(Records contained in a dataset)
──────────

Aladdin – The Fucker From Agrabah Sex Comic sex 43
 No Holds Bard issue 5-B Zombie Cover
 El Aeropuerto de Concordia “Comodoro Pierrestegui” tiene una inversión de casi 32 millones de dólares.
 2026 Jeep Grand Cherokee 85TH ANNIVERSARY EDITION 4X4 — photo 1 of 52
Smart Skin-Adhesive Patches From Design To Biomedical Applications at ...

──────────

PROBLEM REQUIREMENTS -
Each line of the data must be written out exactly as it appears.

EXERCISE RESULT -
Aladdin – The Fucker From Agrabah Sex Comic sex 43
 No Holds Bard issue 5-B Zombie Cover
 El Aeropuerto de Concordia “Comodoro Pierrestegui” tiene una inversión de casi 32 millones de dólares.
 2026 Jeep Grand Cherokee 85TH ANNIVERSARY EDITION 4X4 — photo 1 of 52
Smart Skin-Adhesive Patches From Design To Biomedical Applications at ...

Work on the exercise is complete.